Below are picture plans for adding slats to a skylight to block most all of the direct sun rays, but not the light entering via the skylight. If your skylight is smaller, the dimensions of the slats, mounting boards and trim, can be reduced some. The slats are vertical to the sky.













Flimsy or plastic slats will warp and bend with the heat of the sun and gravity pulling down on them. The thin "hardboard" I found and used was finished on one side. It was both inexpensive and stiff and came in an 4 x 8 sheet. 

I also bought a miter device that allowed me to set the angle and the reverse angle needed for cutting the many and matching grooves in the mounting boards. You should be able to get something similar at your hardware store. 

Also it would be good to make a trial version and mount just a few slats first. Then you can do all the cutting and painting of the slats and mounting boards that is involved in the project, and with the assurance that it will be as you want it to be. 

If you are not able to do the work yourself, the plan can be used by someone who "knows" what they are doing, and perhaps be improved on as well. Also, expect to pay a few hundred dollars or more to have the work done.
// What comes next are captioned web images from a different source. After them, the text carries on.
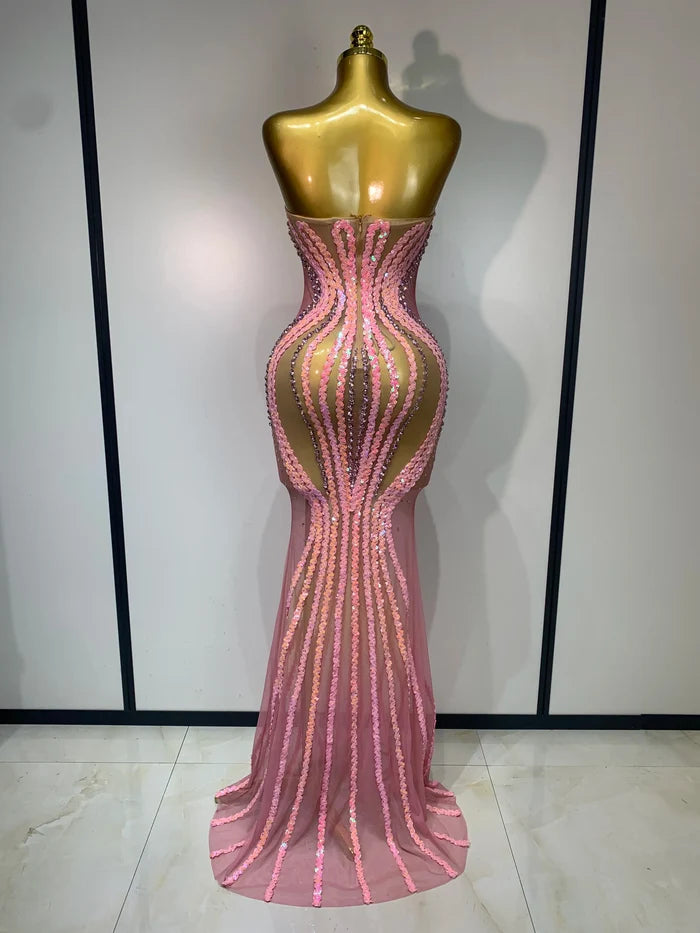 Kalia strapless bodycon mini dress encrusted with sparkly rhinestones and sequins for a luxury birthday outfit.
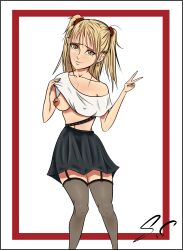 Rule 34 | absurdres, amane misa, blonde hair, breasts, clothes lift, death note, flashing, goth fashion, highres, legs, lingerie, nipple piercing, nipples, no bra, piercing, puffy areolae, skirt, small breasts, sussychan, thighhighs, underwear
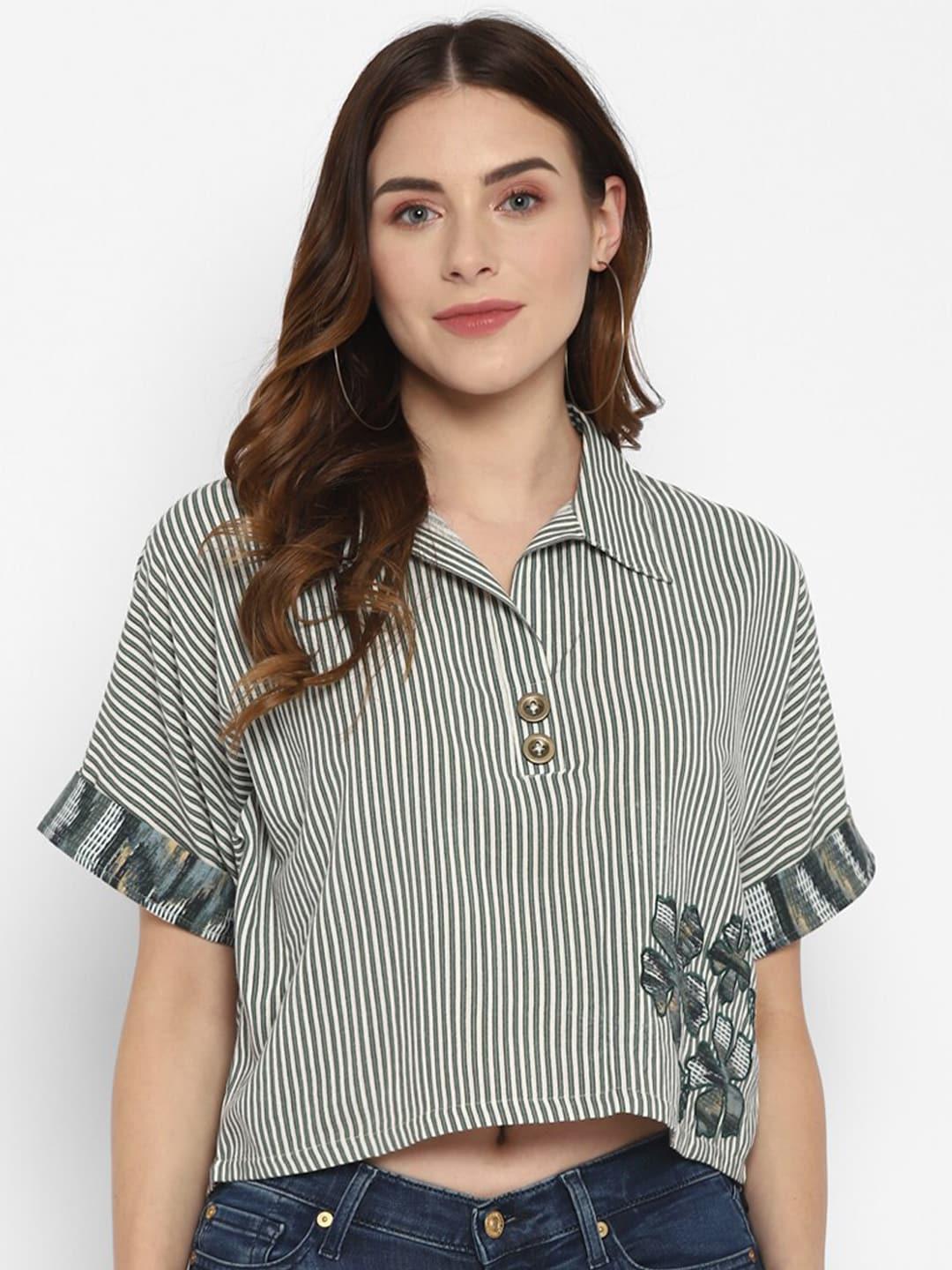 taurus-olive-green-&-white-floral-striped-pure-cotton-shirt-style-crop-top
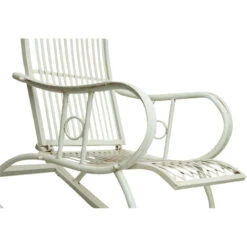 Mecedora De Hierro Forjado Con Acabado Blanco Envejecido 127x64x90 Cm -Mano Mano Ventas 18504873 5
EXCLUDING MY TIME, my out of pocket costs 8 years ago came to around $60.00 US.


----------



## nealtw (Dec 23, 2016)

A couple years ago we had someone looking for instructions like this.


----------



## Snoonyb (Dec 23, 2016)

These are pretty much standard fare in so. cal.


----------



## Mastercarpenty (Jan 2, 2017)

Looks nice, and a good project for most DIY'ers to take on!

Phil


----------